(Supplied material Opens)

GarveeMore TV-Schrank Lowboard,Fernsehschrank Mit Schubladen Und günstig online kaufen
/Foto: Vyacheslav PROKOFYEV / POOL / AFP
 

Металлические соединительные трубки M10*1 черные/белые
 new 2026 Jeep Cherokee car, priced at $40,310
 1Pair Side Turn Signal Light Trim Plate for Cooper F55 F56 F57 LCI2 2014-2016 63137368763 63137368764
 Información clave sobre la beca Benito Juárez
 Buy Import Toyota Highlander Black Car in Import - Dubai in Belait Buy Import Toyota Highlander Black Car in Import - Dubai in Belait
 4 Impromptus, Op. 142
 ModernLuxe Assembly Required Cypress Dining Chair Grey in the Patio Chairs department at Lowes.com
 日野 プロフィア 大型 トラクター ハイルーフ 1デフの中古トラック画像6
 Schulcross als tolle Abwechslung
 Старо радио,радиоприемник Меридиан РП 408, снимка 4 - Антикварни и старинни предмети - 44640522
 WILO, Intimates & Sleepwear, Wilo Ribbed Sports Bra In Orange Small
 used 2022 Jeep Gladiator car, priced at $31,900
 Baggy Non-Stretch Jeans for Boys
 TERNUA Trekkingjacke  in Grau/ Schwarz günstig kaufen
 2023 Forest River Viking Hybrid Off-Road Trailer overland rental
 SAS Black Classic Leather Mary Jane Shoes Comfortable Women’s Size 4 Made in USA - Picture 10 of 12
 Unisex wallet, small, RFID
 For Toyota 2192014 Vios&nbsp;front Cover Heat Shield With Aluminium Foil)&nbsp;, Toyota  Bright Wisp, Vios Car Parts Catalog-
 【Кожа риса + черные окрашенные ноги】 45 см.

(Supplied material Closes)

* Task directions: Starting with the line that holds "Unisex wallet, small, RFID", copy every line through the end of the data above. Reproduce them exactly, with no other material.

* Output of the task:
 Unisex wallet, small, RFID
 For Toyota 2192014 Vios&nbsp;front Cover Heat Shield With Aluminium Foil)&nbsp;, Toyota  Bright Wisp, Vios Car Parts Catalog-
 【Кожа риса + черные окрашенные ноги】 45 см.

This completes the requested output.